Caption-style text data
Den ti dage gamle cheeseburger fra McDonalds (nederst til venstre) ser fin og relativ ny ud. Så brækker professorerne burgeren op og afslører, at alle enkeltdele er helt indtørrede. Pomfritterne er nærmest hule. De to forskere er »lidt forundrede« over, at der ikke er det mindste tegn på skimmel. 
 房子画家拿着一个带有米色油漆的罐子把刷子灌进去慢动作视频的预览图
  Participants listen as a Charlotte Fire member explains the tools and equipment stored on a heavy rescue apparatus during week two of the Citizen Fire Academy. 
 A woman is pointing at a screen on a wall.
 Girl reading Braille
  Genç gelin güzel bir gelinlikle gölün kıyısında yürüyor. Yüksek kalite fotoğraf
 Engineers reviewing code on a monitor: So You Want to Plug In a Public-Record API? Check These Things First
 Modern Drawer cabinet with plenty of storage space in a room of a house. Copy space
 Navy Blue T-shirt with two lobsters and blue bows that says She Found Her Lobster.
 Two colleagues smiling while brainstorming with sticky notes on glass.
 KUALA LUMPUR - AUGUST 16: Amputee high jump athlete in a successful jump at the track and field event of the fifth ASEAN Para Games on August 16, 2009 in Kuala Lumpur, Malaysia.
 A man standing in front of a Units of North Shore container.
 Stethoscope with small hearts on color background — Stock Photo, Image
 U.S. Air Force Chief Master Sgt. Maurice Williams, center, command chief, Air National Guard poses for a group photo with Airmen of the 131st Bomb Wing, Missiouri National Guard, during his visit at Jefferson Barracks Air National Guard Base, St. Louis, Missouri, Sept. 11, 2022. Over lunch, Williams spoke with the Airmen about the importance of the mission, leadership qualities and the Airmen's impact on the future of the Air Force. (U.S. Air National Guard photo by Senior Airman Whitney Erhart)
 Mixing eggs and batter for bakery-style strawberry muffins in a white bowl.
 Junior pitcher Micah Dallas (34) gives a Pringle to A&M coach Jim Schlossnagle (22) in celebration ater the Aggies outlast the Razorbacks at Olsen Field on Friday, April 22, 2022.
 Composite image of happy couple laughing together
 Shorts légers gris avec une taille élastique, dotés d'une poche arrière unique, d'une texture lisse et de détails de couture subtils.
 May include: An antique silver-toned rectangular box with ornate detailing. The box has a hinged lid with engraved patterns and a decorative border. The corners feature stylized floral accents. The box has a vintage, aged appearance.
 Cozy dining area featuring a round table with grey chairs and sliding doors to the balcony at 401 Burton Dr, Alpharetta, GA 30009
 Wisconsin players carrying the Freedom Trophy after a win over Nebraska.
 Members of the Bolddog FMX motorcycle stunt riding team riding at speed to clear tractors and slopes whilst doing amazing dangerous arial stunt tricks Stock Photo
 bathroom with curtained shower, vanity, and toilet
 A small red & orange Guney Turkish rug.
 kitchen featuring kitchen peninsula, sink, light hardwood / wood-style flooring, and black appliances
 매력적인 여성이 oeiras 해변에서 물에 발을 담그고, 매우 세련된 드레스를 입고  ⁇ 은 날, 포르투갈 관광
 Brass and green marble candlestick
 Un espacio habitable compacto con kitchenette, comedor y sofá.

**What to work on**
All entries shown above should be duplicated without a single difference.

**Exercise solution**
Den ti dage gamle cheeseburger fra McDonalds (nederst til venstre) ser fin og relativ ny ud. Så brækker professorerne burgeren op og afslører, at alle enkeltdele er helt indtørrede. Pomfritterne er nærmest hule. De to forskere er »lidt forundrede« over, at der ikke er det mindste tegn på skimmel. 
 房子画家拿着一个带有米色油漆的罐子把刷子灌进去慢动作视频的预览图
  Participants listen as a Charlotte Fire member explains the tools and equipment stored on a heavy rescue apparatus during week two of the Citizen Fire Academy. 
 A woman is pointing at a screen on a wall.
 Girl reading Braille
  Genç gelin güzel bir gelinlikle gölün kıyısında yürüyor. Yüksek kalite fotoğraf
 Engineers reviewing code on a monitor: So You Want to Plug In a Public-Record API? Check These Things First
 Modern Drawer cabinet with plenty of storage space in a room of a house. Copy space
 Navy Blue T-shirt with two lobsters and blue bows that says She Found Her Lobster.
 Two colleagues smiling while brainstorming with sticky notes on glass.
 KUALA LUMPUR - AUGUST 16: Amputee high jump athlete in a successful jump at the track and field event of the fifth ASEAN Para Games on August 16, 2009 in Kuala Lumpur, Malaysia.
 A man standing in front of a Units of North Shore container.
 Stethoscope with small hearts on color background — Stock Photo, Image
 U.S. Air Force Chief Master Sgt. Maurice Williams, center, command chief, Air National Guard poses for a group photo with Airmen of the 131st Bomb Wing, Missiouri National Guard, during his visit at Jefferson Barracks Air National Guard Base, St. Louis, Missouri, Sept. 11, 2022. Over lunch, Williams spoke with the Airmen about the importance of the mission, leadership qualities and the Airmen's impact on the future of the Air Force. (U.S. Air National Guard photo by Senior Airman Whitney Erhart)
 Mixing eggs and batter for bakery-style strawberry muffins in a white bowl.
 Junior pitcher Micah Dallas (34) gives a Pringle to A&M coach Jim Schlossnagle (22) in celebration ater the Aggies outlast the Razorbacks at Olsen Field on Friday, April 22, 2022.
 Composite image of happy couple laughing together
 Shorts légers gris avec une taille élastique, dotés d'une poche arrière unique, d'une texture lisse et de détails de couture subtils.
 May include: An antique silver-toned rectangular box with ornate detailing. The box has a hinged lid with engraved patterns and a decorative border. The corners feature stylized floral accents. The box has a vintage, aged appearance.
 Cozy dining area featuring a round table with grey chairs and sliding doors to the balcony at 401 Burton Dr, Alpharetta, GA 30009
 Wisconsin players carrying the Freedom Trophy after a win over Nebraska.
 Members of the Bolddog FMX motorcycle stunt riding team riding at speed to clear tractors and slopes whilst doing amazing dangerous arial stunt tricks Stock Photo
 bathroom with curtained shower, vanity, and toilet
 A small red & orange Guney Turkish rug.
 kitchen featuring kitchen peninsula, sink, light hardwood / wood-style flooring, and black appliances
 매력적인 여성이 oeiras 해변에서 물에 발을 담그고, 매우 세련된 드레스를 입고  ⁇ 은 날, 포르투갈 관광
 Brass and green marble candlestick
 Un espacio habitable compacto con kitchenette, comedor y sofá.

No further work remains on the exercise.